"In 1976," notes Manohla Dargis in the New York Times, "the year that Marilyn Monroe would have turned 50, Larry McMurtry wrote that she 'is right in there with our major ghosts: Hemingway, the Kennedy brothers — people who finished with American life before America had time to finish with them.' Almost a half-century after her death, the world, or at least its necrophiliac fantasists, still haven't finished with Monroe and try to resurrect her again and again in movies, books, songs and glamour layouts featuring dewy and ruined ingénues. Maybe it's because it's so difficult to imagine her as Old Marilyn that she has become a Ghost of Hollywood Past, a phantom that periodically materializes to show us things that have been. The latest attempt at resurrection occurs in My Week With Marilyn, with Michelle Williams as the Ghost."
"The 'my' is Colin Clark (Eddie Redmayne), a wet-eared assistant director on Lawrence Olivier's The Prince and the Showgirl who becomes Marilyn Monroe's minder and confidant," writes Sam Adams in the Philadelphia City Paper, where Anna Pan interviews director Simon Curtis. "Monroe (Michelle Williams) is a wreck, shadowed on set by acting coach Paula Strasberg (Zoë Wanamaker), whose clashes with Olivier (Kenneth Branagh) synopsize the schism between Method disciples and old-fashioned pros. (Getting Monroe to act, Olivier fumes, is 'like teaching Urdu to a badger.') Given that Clark, whose memoir serves as the movie's source, came in on Olivier's arm, it's not surprising that Strasberg comes off as something of a Svengali, more interested in protecting her work than her de facto ward. With Monroe's marriage to Arthur Miller (Dougray Scott) already foundering, it falls to Colin to act as her one-man entourage — or at least, so it goes in his story."
"Michelle Williams, an actress apparently incapable of giving a bad performance, is the picture's lonely saving grace," writes Sean Burns in the Philadelphia Weekly. "The Monroe va-va-voom is very clearly just another one of Norma Jean's costume changes, and the real pleasure of Williams' work is watching her flip her sex-kitten routine on and off like a light switch. Deep down she's needy, fragile and desperately in over her head."
Karina Longworth in the Voice: "Filmed through the Vaseline-smeared gaze of a schoolboy deluded by his crush, My Week With Marilyn is an oddly chaste movie about a sex goddess that not only shies away from depicting sex, but also from examining its titular character's own sexuality as it manifested itself in her real life and as a consumer product.

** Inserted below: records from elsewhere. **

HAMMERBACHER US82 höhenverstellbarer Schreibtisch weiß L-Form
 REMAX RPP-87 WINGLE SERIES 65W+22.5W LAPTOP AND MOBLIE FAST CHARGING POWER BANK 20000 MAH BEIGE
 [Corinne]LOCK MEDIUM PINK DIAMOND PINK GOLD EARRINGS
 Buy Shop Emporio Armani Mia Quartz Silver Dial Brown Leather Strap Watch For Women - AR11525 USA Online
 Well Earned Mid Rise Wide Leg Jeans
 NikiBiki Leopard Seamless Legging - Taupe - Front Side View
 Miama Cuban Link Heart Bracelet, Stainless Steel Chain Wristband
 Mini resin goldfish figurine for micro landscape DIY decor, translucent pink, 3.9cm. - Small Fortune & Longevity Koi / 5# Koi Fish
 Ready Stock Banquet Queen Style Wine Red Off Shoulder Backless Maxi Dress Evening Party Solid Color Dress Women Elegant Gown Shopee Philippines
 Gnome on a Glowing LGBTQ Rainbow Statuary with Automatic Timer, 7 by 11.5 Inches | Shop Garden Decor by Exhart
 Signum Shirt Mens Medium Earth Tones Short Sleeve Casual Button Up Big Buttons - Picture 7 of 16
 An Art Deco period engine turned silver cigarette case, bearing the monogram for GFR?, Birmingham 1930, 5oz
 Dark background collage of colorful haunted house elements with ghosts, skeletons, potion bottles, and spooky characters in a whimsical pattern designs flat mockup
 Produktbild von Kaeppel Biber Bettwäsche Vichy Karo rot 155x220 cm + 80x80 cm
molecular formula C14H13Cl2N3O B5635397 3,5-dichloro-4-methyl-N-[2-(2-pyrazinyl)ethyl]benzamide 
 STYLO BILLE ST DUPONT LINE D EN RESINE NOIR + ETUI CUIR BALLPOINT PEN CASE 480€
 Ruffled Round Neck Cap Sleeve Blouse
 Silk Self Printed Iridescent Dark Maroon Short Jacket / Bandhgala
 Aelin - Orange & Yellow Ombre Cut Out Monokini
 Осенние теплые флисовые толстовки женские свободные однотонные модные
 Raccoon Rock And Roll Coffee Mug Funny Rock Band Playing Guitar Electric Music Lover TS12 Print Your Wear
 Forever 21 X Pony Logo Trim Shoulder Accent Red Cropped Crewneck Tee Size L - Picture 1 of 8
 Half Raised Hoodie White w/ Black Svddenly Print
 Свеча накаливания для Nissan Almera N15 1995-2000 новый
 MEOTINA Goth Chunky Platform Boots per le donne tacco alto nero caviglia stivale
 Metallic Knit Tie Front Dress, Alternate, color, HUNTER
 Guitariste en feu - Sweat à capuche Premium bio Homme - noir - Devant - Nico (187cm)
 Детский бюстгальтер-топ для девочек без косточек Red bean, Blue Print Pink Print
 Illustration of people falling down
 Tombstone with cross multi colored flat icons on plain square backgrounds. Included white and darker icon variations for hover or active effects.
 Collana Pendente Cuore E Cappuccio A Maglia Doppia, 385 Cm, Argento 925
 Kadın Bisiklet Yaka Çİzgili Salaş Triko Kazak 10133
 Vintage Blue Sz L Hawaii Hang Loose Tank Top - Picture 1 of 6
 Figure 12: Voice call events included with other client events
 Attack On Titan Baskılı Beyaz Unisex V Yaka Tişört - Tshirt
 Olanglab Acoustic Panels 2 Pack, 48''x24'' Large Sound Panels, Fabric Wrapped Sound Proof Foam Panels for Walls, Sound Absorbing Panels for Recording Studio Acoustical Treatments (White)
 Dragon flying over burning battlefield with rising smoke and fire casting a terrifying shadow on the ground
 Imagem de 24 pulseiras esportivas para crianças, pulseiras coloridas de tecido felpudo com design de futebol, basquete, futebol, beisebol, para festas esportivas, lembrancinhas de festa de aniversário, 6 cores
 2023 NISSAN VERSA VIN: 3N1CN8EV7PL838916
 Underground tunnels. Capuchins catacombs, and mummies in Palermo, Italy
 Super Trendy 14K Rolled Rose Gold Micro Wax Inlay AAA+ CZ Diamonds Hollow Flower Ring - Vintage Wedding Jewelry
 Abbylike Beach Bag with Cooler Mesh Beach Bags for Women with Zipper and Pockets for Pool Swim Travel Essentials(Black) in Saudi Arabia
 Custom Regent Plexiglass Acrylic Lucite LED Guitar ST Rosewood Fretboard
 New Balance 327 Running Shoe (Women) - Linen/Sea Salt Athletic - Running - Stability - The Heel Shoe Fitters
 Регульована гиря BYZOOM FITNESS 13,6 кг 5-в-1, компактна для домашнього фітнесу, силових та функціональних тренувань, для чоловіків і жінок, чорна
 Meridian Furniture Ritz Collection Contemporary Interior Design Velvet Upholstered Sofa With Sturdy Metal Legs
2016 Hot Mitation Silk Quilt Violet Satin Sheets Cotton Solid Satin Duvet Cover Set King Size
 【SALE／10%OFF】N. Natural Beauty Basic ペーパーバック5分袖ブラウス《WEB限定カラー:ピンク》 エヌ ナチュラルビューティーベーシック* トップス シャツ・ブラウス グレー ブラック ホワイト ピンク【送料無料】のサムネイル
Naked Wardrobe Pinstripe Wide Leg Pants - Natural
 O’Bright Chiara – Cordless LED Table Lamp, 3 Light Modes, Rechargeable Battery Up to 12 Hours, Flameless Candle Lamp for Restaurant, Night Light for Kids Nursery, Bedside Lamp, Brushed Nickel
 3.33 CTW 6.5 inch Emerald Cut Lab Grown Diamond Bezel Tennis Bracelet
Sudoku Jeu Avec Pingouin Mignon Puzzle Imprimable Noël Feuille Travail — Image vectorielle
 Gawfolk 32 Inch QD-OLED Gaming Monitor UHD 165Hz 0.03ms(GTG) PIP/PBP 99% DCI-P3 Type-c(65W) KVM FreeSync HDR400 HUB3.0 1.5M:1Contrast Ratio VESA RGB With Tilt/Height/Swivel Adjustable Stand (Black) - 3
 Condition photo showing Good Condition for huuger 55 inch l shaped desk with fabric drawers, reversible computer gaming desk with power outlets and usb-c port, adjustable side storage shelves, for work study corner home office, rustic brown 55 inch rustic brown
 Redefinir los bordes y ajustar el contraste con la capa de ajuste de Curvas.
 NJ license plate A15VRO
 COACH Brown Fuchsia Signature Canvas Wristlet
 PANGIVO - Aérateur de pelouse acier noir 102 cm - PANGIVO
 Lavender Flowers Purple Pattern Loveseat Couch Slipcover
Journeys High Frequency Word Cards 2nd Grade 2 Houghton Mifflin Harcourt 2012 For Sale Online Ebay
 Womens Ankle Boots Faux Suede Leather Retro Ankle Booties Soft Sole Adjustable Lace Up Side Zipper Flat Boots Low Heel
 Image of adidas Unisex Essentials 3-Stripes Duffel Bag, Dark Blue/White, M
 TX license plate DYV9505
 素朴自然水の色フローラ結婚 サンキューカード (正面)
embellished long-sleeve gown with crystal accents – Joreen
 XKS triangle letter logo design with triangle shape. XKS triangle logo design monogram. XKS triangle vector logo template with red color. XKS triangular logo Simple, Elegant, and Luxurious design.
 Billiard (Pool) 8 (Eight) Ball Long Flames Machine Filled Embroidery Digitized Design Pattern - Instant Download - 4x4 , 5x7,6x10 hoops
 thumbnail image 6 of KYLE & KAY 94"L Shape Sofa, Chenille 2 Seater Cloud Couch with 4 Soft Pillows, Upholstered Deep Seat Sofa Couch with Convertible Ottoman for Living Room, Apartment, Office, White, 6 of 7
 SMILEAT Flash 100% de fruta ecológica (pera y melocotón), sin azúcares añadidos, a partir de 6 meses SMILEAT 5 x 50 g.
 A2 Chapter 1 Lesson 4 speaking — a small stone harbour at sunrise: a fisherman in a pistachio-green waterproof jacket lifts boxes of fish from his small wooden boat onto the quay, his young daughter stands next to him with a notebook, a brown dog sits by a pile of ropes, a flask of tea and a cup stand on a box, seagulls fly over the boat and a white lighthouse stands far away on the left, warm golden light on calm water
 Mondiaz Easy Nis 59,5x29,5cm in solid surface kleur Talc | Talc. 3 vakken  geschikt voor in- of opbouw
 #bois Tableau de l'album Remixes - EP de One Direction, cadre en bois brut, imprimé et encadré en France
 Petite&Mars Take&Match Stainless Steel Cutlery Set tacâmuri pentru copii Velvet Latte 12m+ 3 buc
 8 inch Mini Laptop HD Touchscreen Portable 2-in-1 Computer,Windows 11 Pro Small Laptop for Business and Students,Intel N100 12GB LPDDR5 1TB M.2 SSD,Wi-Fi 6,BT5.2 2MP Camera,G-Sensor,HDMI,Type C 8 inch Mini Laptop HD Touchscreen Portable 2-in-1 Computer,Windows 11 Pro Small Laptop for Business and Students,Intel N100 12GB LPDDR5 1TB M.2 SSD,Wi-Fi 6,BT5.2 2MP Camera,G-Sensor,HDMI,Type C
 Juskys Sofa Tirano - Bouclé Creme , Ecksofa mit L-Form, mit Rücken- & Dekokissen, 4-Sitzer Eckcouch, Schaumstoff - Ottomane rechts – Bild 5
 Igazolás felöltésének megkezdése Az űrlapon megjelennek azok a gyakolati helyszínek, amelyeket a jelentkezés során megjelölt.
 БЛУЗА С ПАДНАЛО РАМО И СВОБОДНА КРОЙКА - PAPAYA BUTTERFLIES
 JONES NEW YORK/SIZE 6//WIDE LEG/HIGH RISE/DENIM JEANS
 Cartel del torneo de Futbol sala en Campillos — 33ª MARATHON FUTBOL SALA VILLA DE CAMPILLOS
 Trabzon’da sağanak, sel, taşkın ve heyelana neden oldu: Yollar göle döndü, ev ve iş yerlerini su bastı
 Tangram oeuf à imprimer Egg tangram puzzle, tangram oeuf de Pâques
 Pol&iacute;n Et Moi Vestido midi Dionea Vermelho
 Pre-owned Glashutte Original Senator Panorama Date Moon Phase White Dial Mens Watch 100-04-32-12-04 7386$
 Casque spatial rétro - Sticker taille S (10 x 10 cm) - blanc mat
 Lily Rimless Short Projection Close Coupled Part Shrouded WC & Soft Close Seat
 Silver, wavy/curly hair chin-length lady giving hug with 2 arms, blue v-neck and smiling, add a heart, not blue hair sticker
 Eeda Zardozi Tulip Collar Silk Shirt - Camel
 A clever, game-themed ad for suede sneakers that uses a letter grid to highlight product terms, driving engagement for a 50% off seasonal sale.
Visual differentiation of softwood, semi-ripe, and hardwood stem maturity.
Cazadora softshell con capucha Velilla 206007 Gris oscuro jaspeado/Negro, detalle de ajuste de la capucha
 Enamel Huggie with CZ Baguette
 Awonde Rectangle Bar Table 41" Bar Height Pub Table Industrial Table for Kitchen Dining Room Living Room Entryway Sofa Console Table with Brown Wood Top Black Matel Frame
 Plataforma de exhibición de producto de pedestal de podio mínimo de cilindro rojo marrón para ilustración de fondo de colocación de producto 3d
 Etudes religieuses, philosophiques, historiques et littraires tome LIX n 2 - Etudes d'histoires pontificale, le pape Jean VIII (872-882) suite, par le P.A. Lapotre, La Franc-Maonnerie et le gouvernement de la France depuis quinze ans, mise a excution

Perhaps the film doesn't dare make Marilyn sexy because it can't deal with the thornier issue of what it means to elevate a severely damaged woman into the greatest pinup icon of her time. Or all time."
More from Marjorie Baumgarten (Austin Chronicle, 2.5/5), Peter Bradshaw (Guardian, 4/5), Ty Burr (Boston Globe, 2.5/4), Dave Calhoun (Time Out London, 3/5), Robbie Collin (Telegraph, 3/5), David Denby (New Yorker), Roger Ebert (Chicago Sun-Times, 3.5/4), Dennis Harvey (San Francisco Bay Guardian), Ben Kenigsberg (Time Out Chicago, 2/5), Geoffrey Macnab (Independent), Peter Martin (Twitch), Charles H Meyer (Cinespect), Andrew O'Hehir (Salon), Keith Phipps (AV Club, B-), Mary Pols (Time), Ray Pride (Newcity Film), James Rocchi (MSN Movies, 3.5/5), Lisa Rosman (Press Play), Keith Uhlich (Time Out New York, 2/5) and Stephanie Zacharek (Movieline, 7.5/10). Earlier: Reviews from the New York Film Festival.
Cathy Horyn profiles Williams for the NYT. Interviews with Branagh: Kyle Buchanan (Vulture), Francine Stock (Telegraph) and ST VanAirsdale (Movieline). Adam Woodward talks with Redmayne for Little White Lies.
A couple of related items. "Marilyn Monroe (Taschen), by Norman Mailer and Bert Stern, costs a thousand dollars," notes Natasha Vargas-Cooper in Bookforum. "It pairs ninety-three thousand words Mailer wrote about Monroe in 1973 with more than a hundred shots from Stern’s 1962 four-day photo session with the doomed actress, snapped six weeks before her death…. Taschen would not relinquish a review copy. So instead of sticking my nose in all of the book’s 278 fourteen-inch pages — which I assume are creamy and thick — and relishing the exclusive signed and numbered edition, I fingered a scroll button while images of a dead-eyed starlet stared back, sending creeps into my insides. And in a way, that’s probably the most fitting way to take this curious project in."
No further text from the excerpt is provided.